Carrying out dilapidations on commercial properties is an essential service that we carry out at The Complete Property Group. Property dilapidations relate to the maintenance and repair work that will be required during or at the end of a commercial property lease. This is where a landlord will seek to have the tenant carry out their repair obligations under the terms of the lease. The building is a significant investment for the landlord and it is therefore essential the property is maintained to a high standard.
Schedule of condition
Standard practice for commercial properties at the start of a lease is to draw up a schedule of conditions. Commercial properties are important because they enable businesses to run and be profitable. The building, therefore, has a value that goes beyond its structure. This is the reason why dilapidations can become contentious because they can result in a claim. The condition of their property is set out in a schedule at the start of the lease. This schedule can then be referred to by both parties to inform dilapidations work and refers to the process landlords followed to set out issues in respect of any damages or disrepair. A tenant’s failure to return the property at the end of the lease as it should be can potentially end in costly disputes.

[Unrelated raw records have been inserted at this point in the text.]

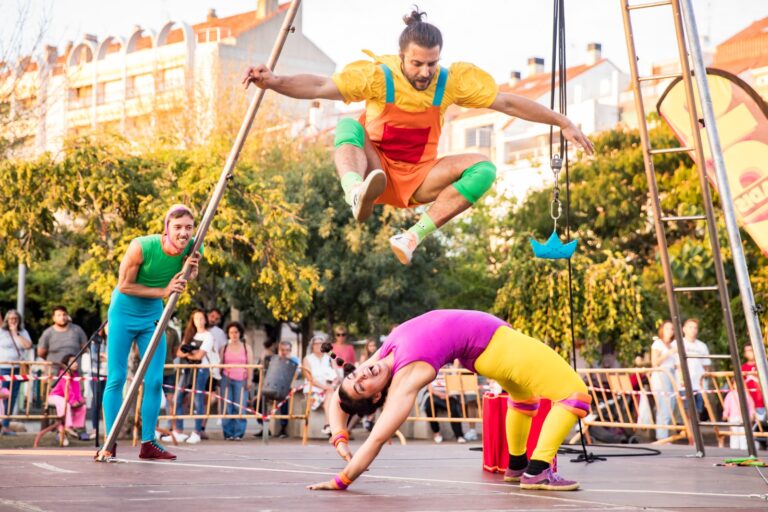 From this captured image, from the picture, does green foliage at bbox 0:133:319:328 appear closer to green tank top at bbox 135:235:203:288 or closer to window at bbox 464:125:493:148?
green tank top at bbox 135:235:203:288

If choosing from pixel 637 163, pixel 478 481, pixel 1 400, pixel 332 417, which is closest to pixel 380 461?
pixel 478 481

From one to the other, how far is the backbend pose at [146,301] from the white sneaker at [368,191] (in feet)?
8.48

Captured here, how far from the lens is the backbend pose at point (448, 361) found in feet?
20.8

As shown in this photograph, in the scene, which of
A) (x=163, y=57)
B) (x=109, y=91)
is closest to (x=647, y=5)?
(x=163, y=57)

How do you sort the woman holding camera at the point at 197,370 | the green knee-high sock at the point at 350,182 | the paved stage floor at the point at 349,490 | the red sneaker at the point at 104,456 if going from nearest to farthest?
1. the paved stage floor at the point at 349,490
2. the green knee-high sock at the point at 350,182
3. the red sneaker at the point at 104,456
4. the woman holding camera at the point at 197,370

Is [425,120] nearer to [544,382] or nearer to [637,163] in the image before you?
[544,382]

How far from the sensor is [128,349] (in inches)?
338

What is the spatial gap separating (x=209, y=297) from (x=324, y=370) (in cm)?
956

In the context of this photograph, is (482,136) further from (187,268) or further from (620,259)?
(187,268)

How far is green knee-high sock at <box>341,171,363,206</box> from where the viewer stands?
628 cm

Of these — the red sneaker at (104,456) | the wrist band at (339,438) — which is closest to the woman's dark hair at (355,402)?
the wrist band at (339,438)

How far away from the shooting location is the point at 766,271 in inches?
1011

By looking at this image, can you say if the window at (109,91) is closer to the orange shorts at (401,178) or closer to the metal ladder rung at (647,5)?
the metal ladder rung at (647,5)

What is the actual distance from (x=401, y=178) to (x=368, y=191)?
83 cm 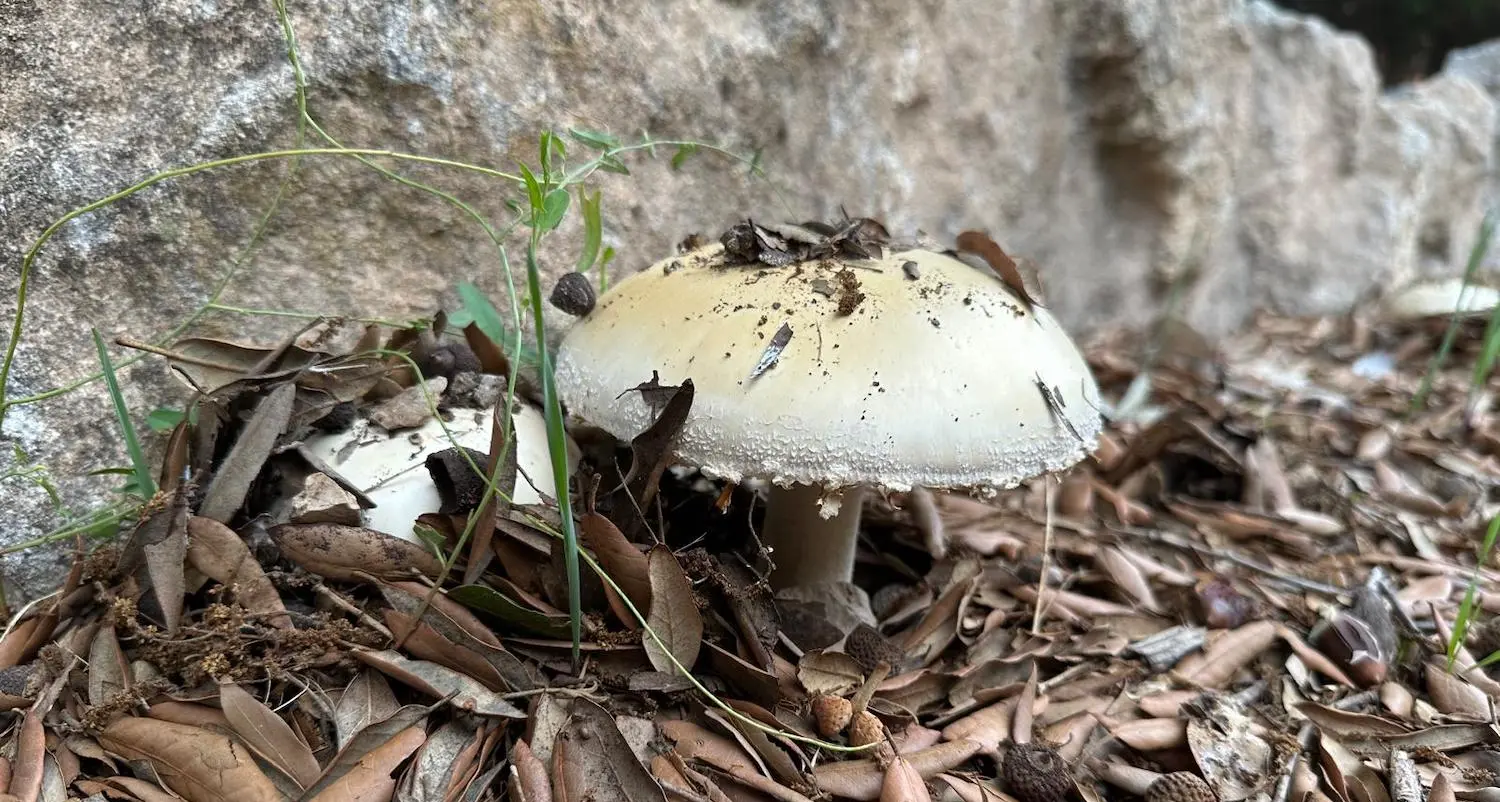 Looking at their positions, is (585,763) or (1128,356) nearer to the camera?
(585,763)

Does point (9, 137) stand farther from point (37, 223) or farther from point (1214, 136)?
point (1214, 136)

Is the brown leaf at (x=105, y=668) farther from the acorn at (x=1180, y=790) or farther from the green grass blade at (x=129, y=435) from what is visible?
the acorn at (x=1180, y=790)

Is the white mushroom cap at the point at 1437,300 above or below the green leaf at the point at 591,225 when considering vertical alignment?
below

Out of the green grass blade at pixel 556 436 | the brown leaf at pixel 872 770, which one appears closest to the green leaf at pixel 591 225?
the green grass blade at pixel 556 436

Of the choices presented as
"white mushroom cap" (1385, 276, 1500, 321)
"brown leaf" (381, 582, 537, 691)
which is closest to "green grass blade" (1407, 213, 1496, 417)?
"white mushroom cap" (1385, 276, 1500, 321)

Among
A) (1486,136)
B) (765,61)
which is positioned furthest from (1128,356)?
(1486,136) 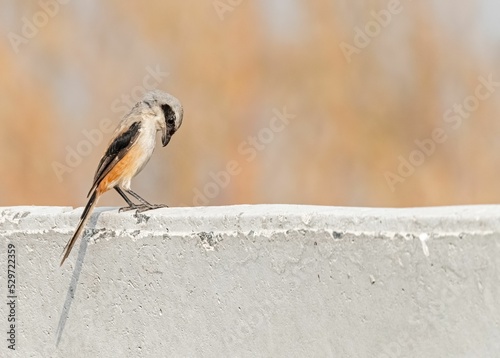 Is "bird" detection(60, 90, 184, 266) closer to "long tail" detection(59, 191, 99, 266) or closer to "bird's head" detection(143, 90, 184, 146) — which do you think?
"bird's head" detection(143, 90, 184, 146)

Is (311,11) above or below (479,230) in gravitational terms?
below

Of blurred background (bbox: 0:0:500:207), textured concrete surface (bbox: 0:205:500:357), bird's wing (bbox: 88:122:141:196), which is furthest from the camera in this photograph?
blurred background (bbox: 0:0:500:207)

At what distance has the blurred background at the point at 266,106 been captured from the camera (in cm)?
1154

How are dilapidations calculated?
At the end of a tenant’s lease, an assessment is carried out to calculate the value of a commercial property minus the cost of its repairs. These findings will be contained in the report with a full explanation of how they were ascertained. This will be an independent document that shows the condition of commercial property at a point in time outlining existing damages. This document can be used in conjunction with a schedule of conditions, and it will therefore assist in highlighting the areas that need dilapidation works.
Should you worry about dilapidations?
Dilapidations are a standard process when a commercial lease is coming to an end. That said there are very specific standards and conditions that must be met to appease the landlord. Most landlords would ensure a schedule of conditions was drawn up at the commencement of the lease and agreed upon by both parties. In terms of the tenant, they should also have the building checked and serviced at the commencement of the lease and have any pre-existing defects incorporated into a schedule of conditions. This would then limit their liability at the end of the lease and ensure they are not liable for repairs that already existed.
Preventing costly dilapidations
The easiest way to manage this both throughout the terms of the lease and towards the end is to engage a professional commercial building services company. This means throughout the terms of the lease that the tenant can keep on top of any damages or repairs and prevent costly dilapidations at the end. A commercial building’s state of repair is important to both tenant and landlord, continual planned maintenance is the best solution for both parties.